Starring Sayani Gupta, Kirti Kulhari, Maanvi Gagroo and Bani J, the Amazon Prime Video original serves as an unabashed depiction of sisterhood. Weeks after the second season’s premiere, Devika speaks to indianexpress.com about balancing frivolousness with depth, lack of intersectionality and pursuing the freedom to choose the kind of stories she wants to tell.
This season looks better put together than the previous one. The first season met with mixed reactions. So, did you take in the feedback? What do you think changed in the second installment?
So, we started writing season two in July 2018, which was seven months before season one released. Now, when season one was happening, we were all working on a binge-worthy show for the first time in our lives. Rangita Nandy had gotten the idea greenlit by Amazon by the time I came on board. At first, it was a little difficult to work off someone else’s base material because I hadn’t created the characters. It was a process where I wanted to create the vision of Rangita Nandy, who is the creator, and also bring myself on the page. With season one, we wanted to lead our audience with baby steps. It was a conscious decision. We decided we would add a little bit more fun.
For season two, we felt we should take it a notch up. We have made the audience fall in love with them, now let’s make them a little mature in their arc and let’s introduce subjects that may be uncomfortable for many. It was a risk, but it paid off.
The show seemed to have ticked a lot of boxes, from gender pay disparity, same-sex relationships to abortion. Many of these conversations have become mainstream only a few years ago. Do you tackle them as ‘subjects’ or do they fit into your story organically?

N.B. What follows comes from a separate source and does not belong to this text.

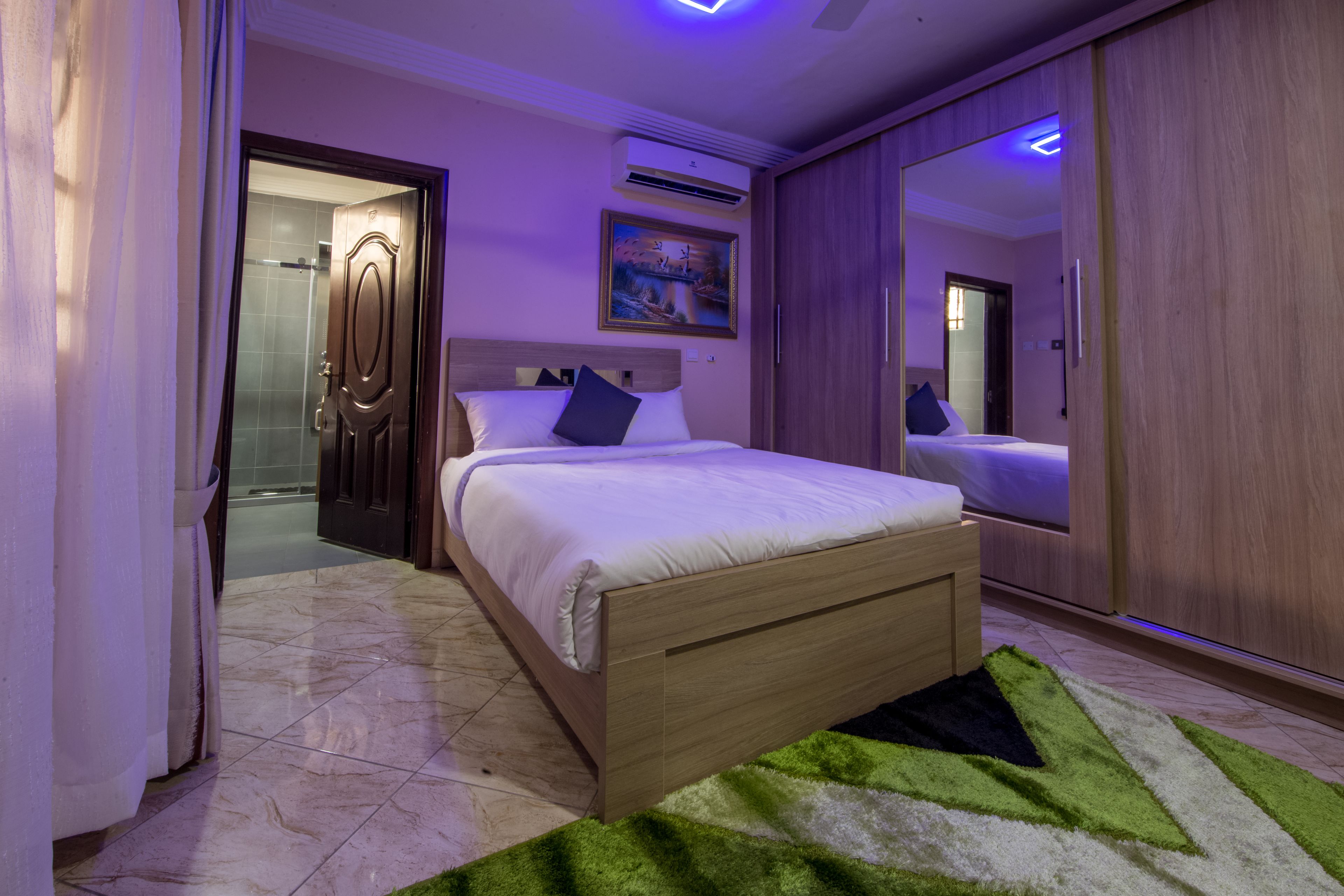 Un dormitorio con cama, espejo, puerta y un cuadro en la pared.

It’s both. When we look at our character, we see where he or she is. Like, at the end of season one, Anjana (Kirti) is having a relationship with a younger man, and she is not so okay with it, which is mainly because of what society will think. She has made a mistake because she was worried for her child. Her ex might punish her severely than she deserves. Now, in season two, where do we take her character? Who is the man that would be perfect for Anjana? Is it Arjun or someone intellectually equal? As a successful lawyer, what are the issues that she could face? Sexual harassment, pay disparity and gender discrimination. That’s how we take it. What are the issues that working women face?

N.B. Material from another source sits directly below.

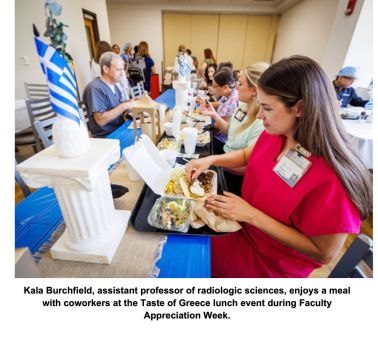 Kala Burchfield, assistant professor of radiologic sciences, enjoys a meal with coworkers at the Taste of Greece lunch event during Faculty Appreciation Week.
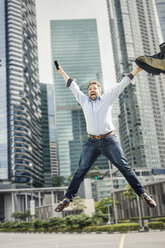 Happy businessman jumping for joy by city skyscrapers - CUF04808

Along with it, we have to see how to make it organic. Now we all are 40 plus women. We have been there and done that. We know things that have happened to our siblings, friends. In order to make it organic, we check if it has happened to me, what I felt at that point and how I reacted to that moment. All this is according to my personality, but we have to take note of the character’s personality and see if she would react the same way or not.
If you take Anjana and Varun’s (Neil Bhoopalam) relationship. I am not a single mother. I am not divorced, but when I write about it, I go into that zone and think about the fights my husband and I have had, what I think of him at times. Sometimes I think I should never make an enemy out of anyone in the writers’ room because it will expose all my dark secrets! (laughs) It has to be an open atmosphere. That’s the best part about working with a group of women because it’s a safe place. Nobody’s judging you.
Go on…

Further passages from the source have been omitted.